By the time low-quality data reaches downstream systems, it’s already costing you money and causing significant problems. That’s why data management systems need to be preventative instead of reactive, so you can fix broken data before it causes any actual harm.

One of the most comprehensive proactive data management tools is data observability. It automates the entire data monitoring process, providing immediate updates and alerts as soon as something looks awry in your data stack.

But how different is it dealing with data issues with and without observability? This article will describe a data observability workflow, illustrating how much easier it is to deal with data quality issues once you have this tool in place. Let’s get started.

1. Receiving alerts

Data observability tools prevent issues from reaching downstream systems by providing alerts automatically. Once a significant change in your data is detected, the tool will alert the relevant parties and flag the table as potentially problematic.

For example: You receive an alert from an HR system regarding the “ATA Headcount” table – data validity has dropped by 60%.

2. Investigating the issue: source-level information

After receiving an alert, you’ll need to extract further information from where the data is stored (for example, a data warehouse or data lake). Using only the catalog will provide an overview of the data stored (i.e., catalog items, views, tables, DB locations, schema).

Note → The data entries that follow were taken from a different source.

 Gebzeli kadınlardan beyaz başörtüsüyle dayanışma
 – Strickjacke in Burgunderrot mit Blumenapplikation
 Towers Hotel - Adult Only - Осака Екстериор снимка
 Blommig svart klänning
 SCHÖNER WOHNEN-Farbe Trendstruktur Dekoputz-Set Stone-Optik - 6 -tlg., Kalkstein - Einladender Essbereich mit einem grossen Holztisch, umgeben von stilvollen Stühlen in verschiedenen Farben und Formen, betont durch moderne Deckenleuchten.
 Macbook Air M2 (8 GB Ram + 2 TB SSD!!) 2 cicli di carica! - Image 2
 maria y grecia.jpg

However, to find information about the problem, you must turn to the data observability functionality. You’ll immediately see the number of issues detected within this dataset. A data observability tool will identify problems using:

  • Anomaly detection. Using previous data to notice when new data falls out of the typical pattern.
  • Schema changes. An alteration made to a collection of logical structures.
  • Validity. Comparing data against business terms/rules to test if it is valid.
  • Record volume. Identifying unexpected changes in the number of records in a dataset.

Scrolling down further will show you catalog items listed from this data source. Here, you’ll find subsets of data from this source and can select the one that applies to your problem. You’ll also see a column labeled “issue type” which will tell you what type of problem the set is facing.

For example: Looking at our “Snowflake HR” system, we see that three issues have been detected. We see that data quality is at 75%. “Validity” and “anomalies” are ok, but “record volume” has “1 anomalous catalog item.”

3. Investigating the issue: table-level information

Once we’ve explored the issue on the source level, we can take a look at the affected tables. There is information about the data’s structure, lineage, quality, relationships, and more. You’ll also see data quality information for every column of data assigned to the term in that source system.

One of the most valuable tools here is the graph of the anomaly. It visualizes your typical values against the potentially anomalous ones. This will help you assess the problem and decide if it’s a real issue or not.

You’ll then be prompted with the question, “is this an anomaly?” Answering it will help the observability tool to spot anomalies like this in the future or teach it to ignore them as expected values.

For example: The observability tool detects an unexpected number of null values and frequency of specific values in a data set. You can investigate further to decide if this is indeed an anomaly. Anomaly detection algorithms will learn from your decision and continue to flag events like this in the future.

4. Understanding the issue lineage

Now we understand the issue better, we need to find out what caused it. Data lineage will show you the source system and every step the data has taken on its journey, so you can look for where the drop in quality occurred. This will help you identify if the issue was caused by a data transfer or a miscommunication between systems.

IMPORTANT: Without lineage, you must manually find the problem in the database. If there was a broken pipeline, you might not have a chance to find the problem at all. However, data lineage is not a complete solution. Without other data observability metrics, a lineage tool will only tell you where the data came from. It will not identify or track issues in the data or data quality.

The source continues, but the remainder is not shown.